Image-text web data:
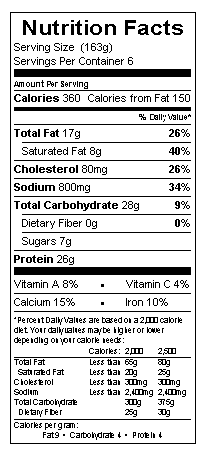 Nutrition table image.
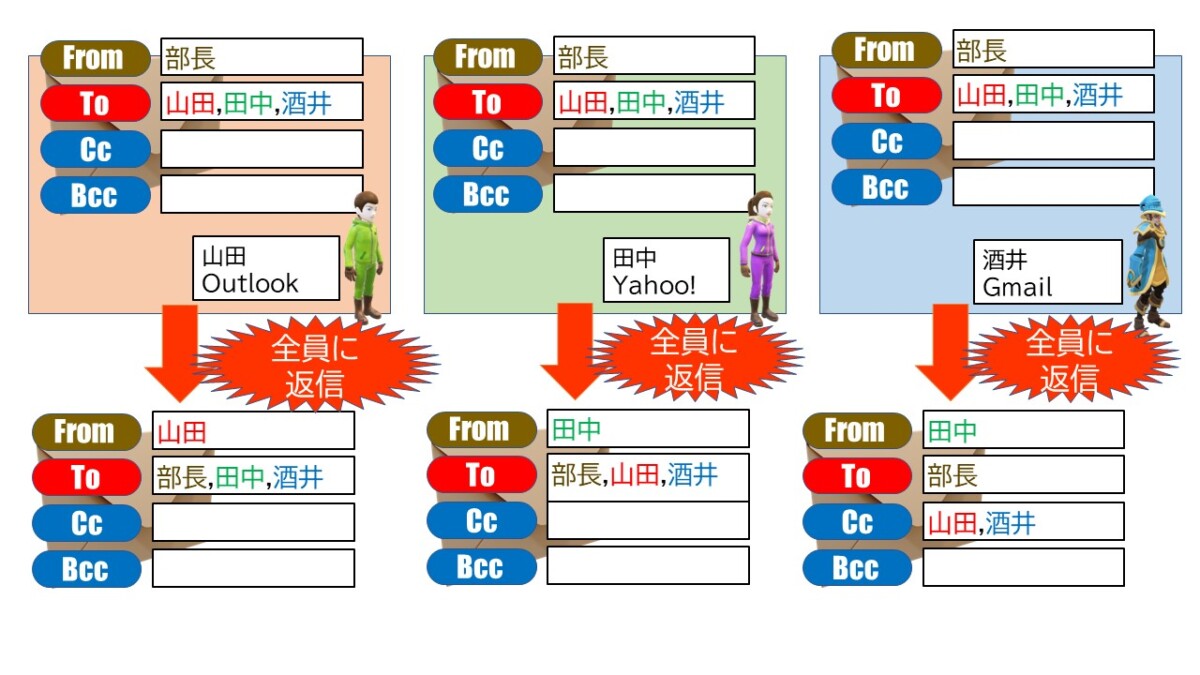 全ての宛先をToに入れて送信されたメールに、届いた人が「全員返信」した場合。ほとんどはFrom+To全員がToになるが、GmailからだとFromだけがToに入り、Toだった宛先はCcに入る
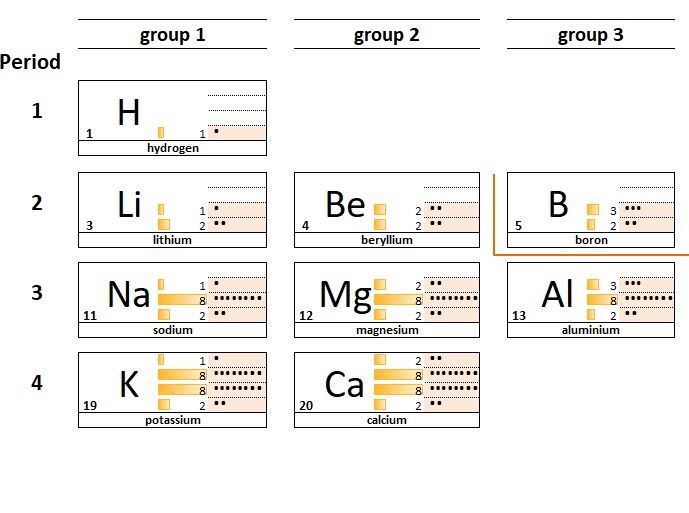 electron configurations of the elements hydrogen to Calcium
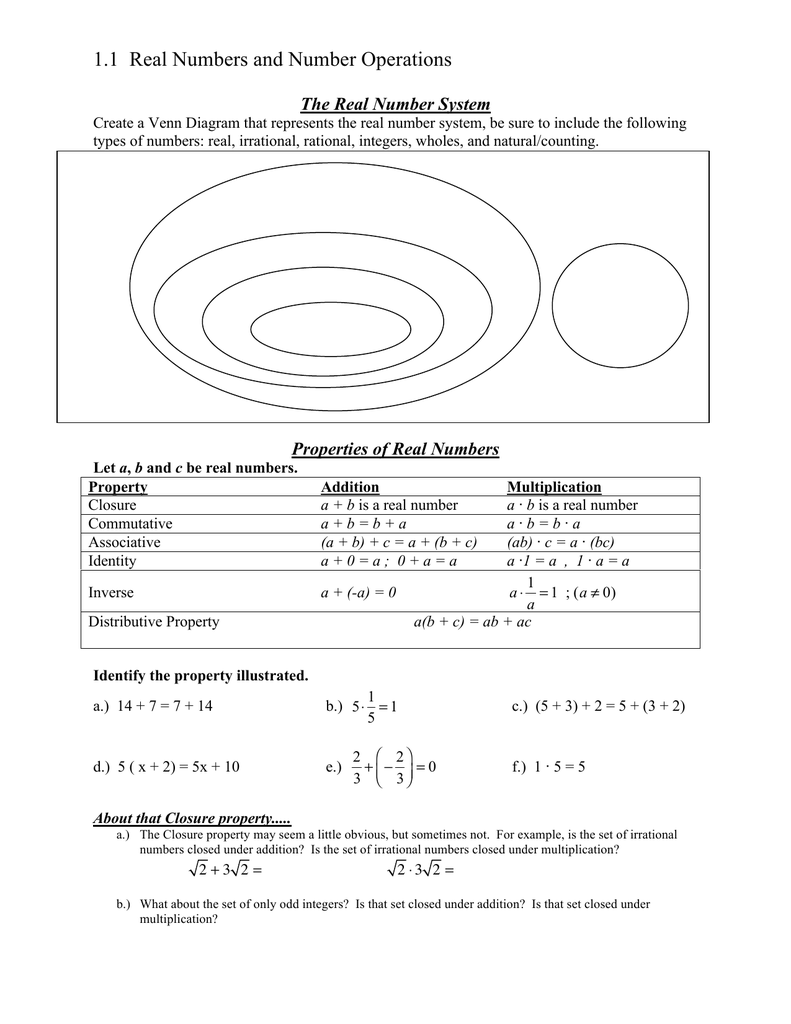 25.25 Real Numbers and Number Operations The Real Number System Within Real Number System Worksheet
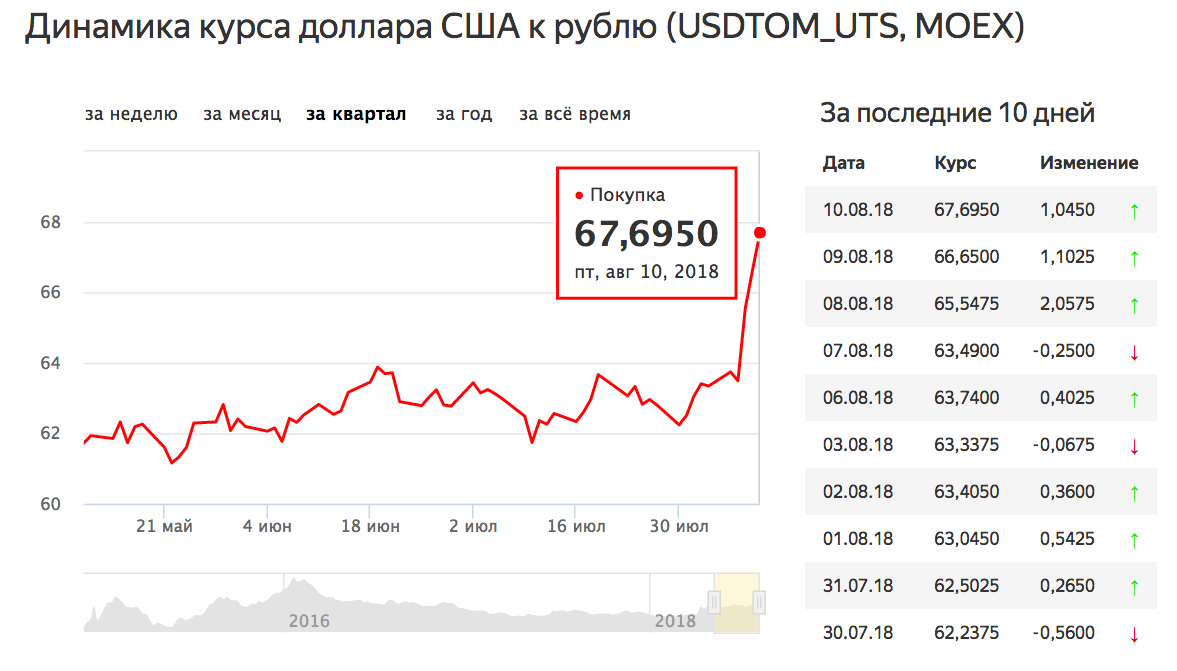 Курс евро к сумму. Динамика курса доллара. Курс валют динамика график. Курс доллара на сегодня. Курс доллара к рублю.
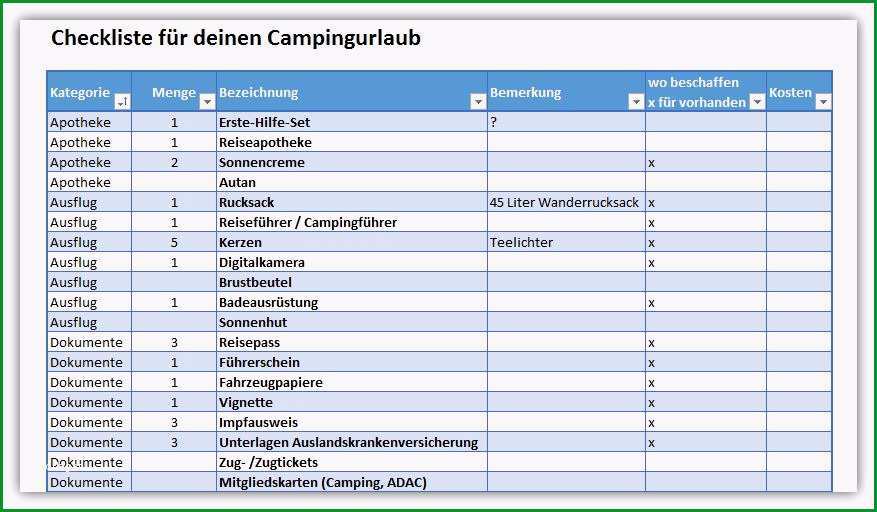 checkliste campingurlaub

The task> When an image appears in the data, skip it and output the rest exactly.

Solution for this exercise>
 Nutrition table image.
 全ての宛先をToに入れて送信されたメールに、届いた人が「全員返信」した場合。ほとんどはFrom+To全員がToになるが、GmailからだとFromだけがToに入り、Toだった宛先はCcに入る
 electron configurations of the elements hydrogen to Calcium
 25.25 Real Numbers and Number Operations The Real Number System Within Real Number System Worksheet
 Курс евро к сумму. Динамика курса доллара. Курс валют динамика график. Курс доллара на сегодня. Курс доллара к рублю.
 checkliste campingurlaub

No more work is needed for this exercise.